Luo Xin, Chen Lin, Liu Wenhua, Dong Shuilin, Luo Hongping, Zhang Bixiang, Chen Xiaoping
Hepatic Surgery Center, Tongji Hospital, Tongji Medical College, Huazhong University of Science and Technology, Wuhan, China.
Hepatic Surgery Center, Tongji Hospital, Tongji Medical College, Huazhong University of Science and Technology, Wuhan, China.
J Surg Res. 2017 Jun 1;213:184-190. doi: 10.1016/j.jss.2017.02.033. Epub 2017 Feb 27.
The key points in hepatectomy are reducing blood loss and preservation of hepatic function. The aim of this study was to compare the perioperative outcomes of partial hepatectomy using two techniques of hepatic vascular inflow occlusion.

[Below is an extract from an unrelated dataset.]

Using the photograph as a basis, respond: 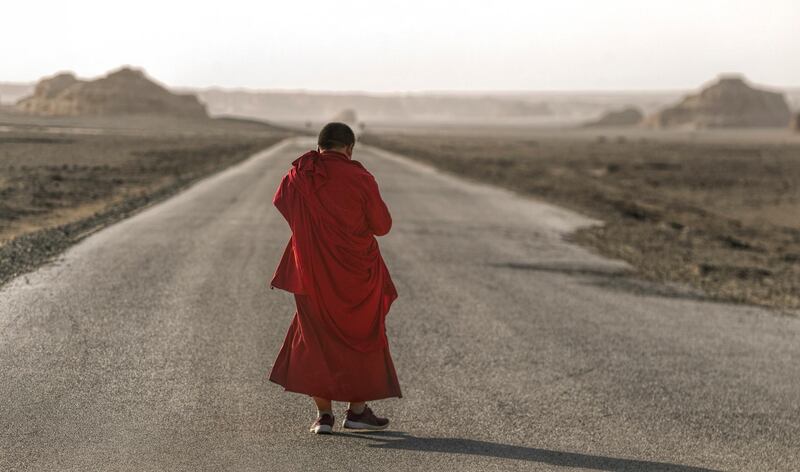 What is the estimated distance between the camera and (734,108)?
580 feet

A total of 1817 patients were selected from our multi-institutional hepatectomy database in China and classified into two groups: the hemihepatic inflow occlusion (HIO) group (n = 1693) and the ipsilateral portal vein branch occlusion (IPVBO) group (n = 124). Propensity score matching of patients in a ratio of 1:1 was conducted. The primary outcome was intraoperative blood loss. Secondary outcomes were postoperative liver function, postoperative morbidity and mortality, and duration of hospital stay after surgery.
After propensity score matching, there were 124 patients in the IPVBO group and the HIO group, respectively. There were no significant differences between the two groups regarding intraoperative blood loss, blood transfusion requirement, operating time, postoperative morbidity and mortality, and duration of hospital stay after surgery (P > 0.05). However, The IPVBO group was associated with significantly lower peak in postoperative ALT level than the HIO group (P < 0.05).
The results indicated that IPVBO did not lead to more intraoperative blood loss compared with HIO, and it decreased the peak of postoperative ALT level. In terms of postoperative morbidity and mortality, duration of hospital stay after surgery, IPVBO was also equal to HIO. Thus, IPVBO could be an alternative method of hepatic inflow occlusion.
肝切除的关键在于减少失血和保护肝功能。本研究的目的是比较两种肝血流阻断技术在肝部分切除术中的围手术期结果。
从我国多机构肝切除数据库中选取1817例患者,分为两组:半肝血流阻断(HIO)组(n = 1693)和同侧门静脉分支阻断(IPVBO)组(n = 124)。对患者进行1:1的倾向评分匹配。主要结局是术中失血。次要结局包括术后肝功能、术后发病率和死亡率以及术后住院时间。
倾向评分匹配后,IPVBO组和HIO组各有124例患者。两组在术中失血、输血需求、手术时间、术后发病率和死亡率以及术后住院时间方面无显著差异(P > 0.05)。然而,IPVBO组术后ALT水平峰值显著低于HIO组(P < 0.05)。
结果表明,与HIO相比,IPVBO不会导致更多的术中失血,且能降低术后ALT水平峰值。在术后发病率和死亡率、术后住院时间方面,IPVBO也与HIO相当。因此,IPVBO可作为一种肝血流阻断的替代方法。